▼▼▼

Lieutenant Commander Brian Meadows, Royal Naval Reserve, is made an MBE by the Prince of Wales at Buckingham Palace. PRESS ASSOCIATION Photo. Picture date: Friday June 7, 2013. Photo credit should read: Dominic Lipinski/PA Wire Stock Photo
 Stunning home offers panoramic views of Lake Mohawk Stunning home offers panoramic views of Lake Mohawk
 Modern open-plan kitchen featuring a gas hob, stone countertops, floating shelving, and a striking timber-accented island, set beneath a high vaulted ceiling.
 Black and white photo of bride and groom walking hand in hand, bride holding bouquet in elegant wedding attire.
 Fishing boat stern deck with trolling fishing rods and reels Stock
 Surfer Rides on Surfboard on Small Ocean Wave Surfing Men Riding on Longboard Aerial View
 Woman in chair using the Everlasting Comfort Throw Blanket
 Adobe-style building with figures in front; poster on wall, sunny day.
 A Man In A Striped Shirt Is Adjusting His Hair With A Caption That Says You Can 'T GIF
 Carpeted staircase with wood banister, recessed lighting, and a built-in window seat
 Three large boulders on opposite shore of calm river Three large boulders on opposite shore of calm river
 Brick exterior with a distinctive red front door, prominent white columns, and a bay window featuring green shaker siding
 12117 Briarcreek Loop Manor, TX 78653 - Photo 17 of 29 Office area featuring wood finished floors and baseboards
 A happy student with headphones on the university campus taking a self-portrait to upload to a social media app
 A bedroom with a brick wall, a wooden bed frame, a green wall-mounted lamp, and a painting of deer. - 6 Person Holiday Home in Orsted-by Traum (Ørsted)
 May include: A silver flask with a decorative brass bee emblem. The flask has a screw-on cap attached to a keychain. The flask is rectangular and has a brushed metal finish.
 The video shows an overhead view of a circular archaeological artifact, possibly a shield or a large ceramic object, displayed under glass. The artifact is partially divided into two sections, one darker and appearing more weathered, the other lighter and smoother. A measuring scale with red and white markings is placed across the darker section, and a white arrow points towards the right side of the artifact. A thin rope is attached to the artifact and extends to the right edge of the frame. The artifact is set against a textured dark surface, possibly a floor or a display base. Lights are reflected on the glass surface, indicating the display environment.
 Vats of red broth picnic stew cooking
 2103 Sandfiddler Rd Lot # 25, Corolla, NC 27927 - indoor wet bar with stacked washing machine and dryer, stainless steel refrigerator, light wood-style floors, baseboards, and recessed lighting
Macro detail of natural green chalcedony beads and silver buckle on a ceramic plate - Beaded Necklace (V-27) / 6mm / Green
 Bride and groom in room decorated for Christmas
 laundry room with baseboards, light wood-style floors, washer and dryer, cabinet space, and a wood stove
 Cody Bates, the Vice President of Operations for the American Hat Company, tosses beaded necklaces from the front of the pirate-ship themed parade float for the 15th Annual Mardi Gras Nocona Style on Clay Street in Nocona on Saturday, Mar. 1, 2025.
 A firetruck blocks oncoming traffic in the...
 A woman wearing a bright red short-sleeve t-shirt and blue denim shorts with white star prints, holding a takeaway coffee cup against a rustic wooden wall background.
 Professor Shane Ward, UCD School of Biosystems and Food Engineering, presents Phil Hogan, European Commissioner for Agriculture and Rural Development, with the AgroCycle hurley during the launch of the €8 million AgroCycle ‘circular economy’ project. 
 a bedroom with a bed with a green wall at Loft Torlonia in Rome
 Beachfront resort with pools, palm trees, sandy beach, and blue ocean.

▲▲▲

ASSIGNMENT
Only lines holding the word "floors" are wanted; copy each one from the listing.

EXERCISE RESPONSE
 12117 Briarcreek Loop Manor, TX 78653 - Photo 17 of 29 Office area featuring wood finished floors and baseboards
 2103 Sandfiddler Rd Lot # 25, Corolla, NC 27927 - indoor wet bar with stacked washing machine and dryer, stainless steel refrigerator, light wood-style floors, baseboards, and recessed lighting
 laundry room with baseboards, light wood-style floors, washer and dryer, cabinet space, and a wood stove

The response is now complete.